The Fourth Sunday of Advent: A Sermon


Let’s start by recalling the setting of our first reading. Solomon’s splendor and power: that’s about 200 years in the past. Israel is split between the larger Northern Kingdom (Israel) and the smaller Southern Kingdom (Judah); Ahaz is the Judean king. For everyone in the region the question is how to respond to the Assyrian Empire (modern Iraq). It’s something like having Russia as your next-door neighbor. Israel (the Northern Kingdom) and Aram (modern Syria) want to fight, and, since Ahaz doesn’t, they plan to invade Judah to effect regime change.

In our text Isaiah is imploring Ahaz to trust the Lord. And, despite Ahaz’ refusal of a sign, the Lord offers one anyway: a young woman is now pregnant and will bear a son who will be named Emmanuel (“God with us”). The child will serve as a sort of calendar: before the child knows how to refuse the evil and choose the good, Israel and Aram will be non-issues.
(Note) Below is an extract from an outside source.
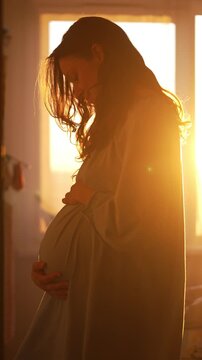 Pregnant woman gently caressing her baby bump, illuminated by the golden morning sun streaming through a window. A beautiful silhouette captures the intimate bond between mother and child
That’s the good news; the bad news—the last verse we heard—is that they’ll be non-issues because Assyria will be right at Ahaz’ doorstep. For Ahaz doesn’t trust. From the account in Kings: “Ahaz sent messengers to King Tiglath-pileser of Assyria, saying, ‘I am your servant and your son. Come up, and rescue me from the hand of the king of Aram and from the hand of the king of Israel, who are attacking me’” (2 Ki. 16:7). Servant and son, no longer of the Lord of Hosts, but of Tiglath-pileser. What a fall!

Nevertheless, the question that hangs in the air: Emmanuel (“God with us”): what will that turn out to mean? (That’s one reason the Book of Isaiah is long.)
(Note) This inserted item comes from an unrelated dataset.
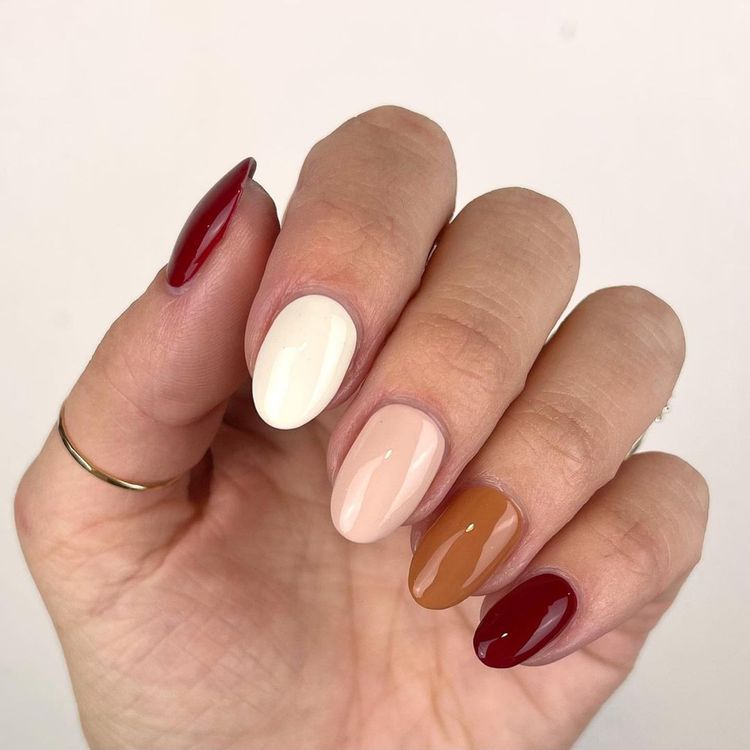 multi-tone manicure featuring deep red, ivory, nude, caramel, and burgundy shades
Some 700 years later the question is not how to respond to the Assyrian Empire, but how to respond to the Roman Empire. (The factions we meet in the New Testament, the Pharisees, Sadducees, Herodians, Zealots, etc. also separate by how they answer that question.) And in the middle of all that in a village formerly part of the Northern Kingdom, now in Galilee, the upper part of Herod’s kingdom, Mary is pregnant. For Matthew it’s an Ahaz moment, with Joseph and his generation facing the same choice Ahaz and his generation faced: trust or not. Emmanuel (“God with us”): what will that turn out to mean?

As Matthew tells the story, Joseph is the first to have to choose. Matthew describes Joseph as a righteous man, and that’s important, because the argument about what counts as righteousness runs through Matthew’s Gospel. Jesus in the Sermon on the Mount: “unless your righteousness exceeds that of the scribes and Pharisees, you will never enter the kingdom of heaven” (Matt. 5:20). For Joseph, “righteous” means not exposing Mary to disgrace, but quietly dismissing her. Ahaz had Isaiah; Joseph has “an angel of the Lord,” who redefines “righteous” behavior. And Joseph—thank God—trusts, and takes Mary as his wife.
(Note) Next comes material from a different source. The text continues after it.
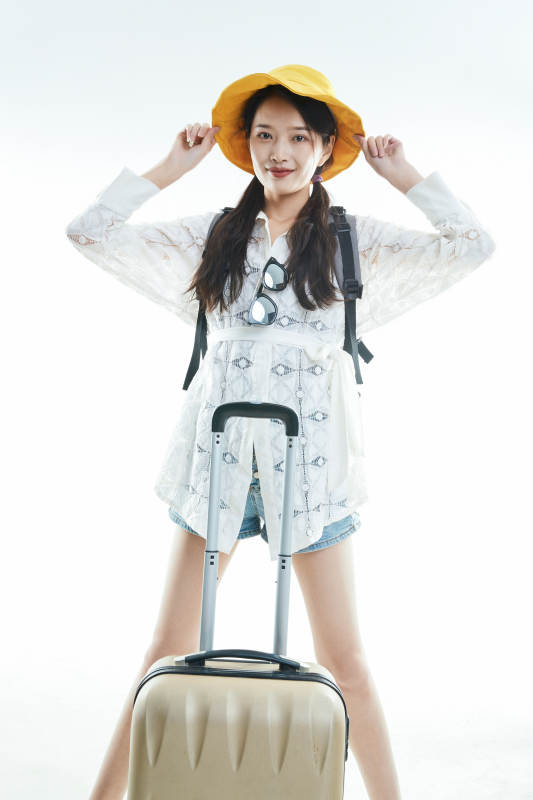 白色背景下准备出发旅行的美丽东方女大学生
“Emmanuel” (God with us): whatever that means, it doesn’t mean “business as usual.” Business as usual for Ahaz was a matter of arithmetic: how many divisions do we have? How many do Israel and Aram have? How many does Assyria have? Emmanuel? Hard to quantify that. Business as usual for Joseph meant the most compassionate of the possible righteous responses to Mary. But “Emmanuel” significantly shifted “righteous.”

Now, a sidebar. What did I just do with Matthew’s “All this took place to fulfill what had been spoken by the Lord through the prophet”? There are plenty of examples of prophets speaking about the future and those words later proving true. Isaiah’s words in today’s reading about the fate of Israel and Aram—and Assyria’s arrival—are examples. But that’s not the only way “fulfill” works. In the case of Isaiah’s young woman, the text falls apart if the pregnancy is in the future, because then Ahaz doesn’t have a “calendar” for Israel’s and Aram’s defeat. So Matthew’s just taking advantage of the Greek text’s translation of “young woman” as “virgin” to support his Jesus-fulfills-prophecy agenda? But why assume that? What Matthew has recognized, I think, is that the situations Ahaz and Joseph face are similar, and that this time around God’s action is even more breathtaking. This time around “Emmanuel” points to a far more profound “God with us,” and Matthew writes his Gospel also to help us discover some of what that means. Isaiah’s words have been filled fuller than he could have imagined.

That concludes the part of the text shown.